| Nous nous assurons en permanence que le risque de placement, tant à l’échelle de la caisse qu’à l’échelle des portefeuilles, ne dépasse pas les limites établies par le conseil.
Le risque principal auquel s’expose le régime est le risque de liquidité, à savoir le risque que l’actif ne soit pas assez élevé pour faire face aux obligations du régime. À long terme, il doit exister un équilibre entre les prestations de retraite et les cotisations plus le rendement des placements.
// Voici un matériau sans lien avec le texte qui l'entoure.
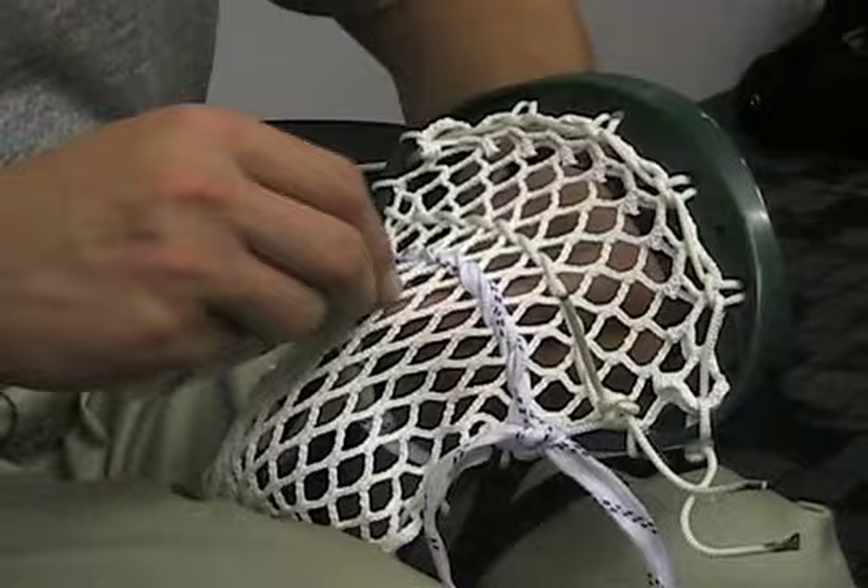This is it — finished product. Cobra, strung up, pro style. A lot of power in here, no whip, straight power. Two-pointers all day.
Le régime atteindrait cet équilibre et ne serait exposé à aucun risque de liquidité si toutes les cotisations pouvaient être investies dans des actifs sans risque générant un rendement d’environ 4,5 % plus l’inflation (c.-à-d. un rendement réel de 4,5 %), du jour où elles sont investies au jour où le dernier chèque de rente est versé.
Toutefois, les placements sans risque produisent un rendement inférieur à notre objectif à long terme tandis que les placements à rendement plus élevé ne sont pas exempts de risque. Les obligations canadiennes à rendement réel ne comportent pour ainsi dire aucun risque, mais leur rendement à la fin de 2007 n’était que de environ 2,0 % plus inflation, comparé à 4 % plus inflation en 1999.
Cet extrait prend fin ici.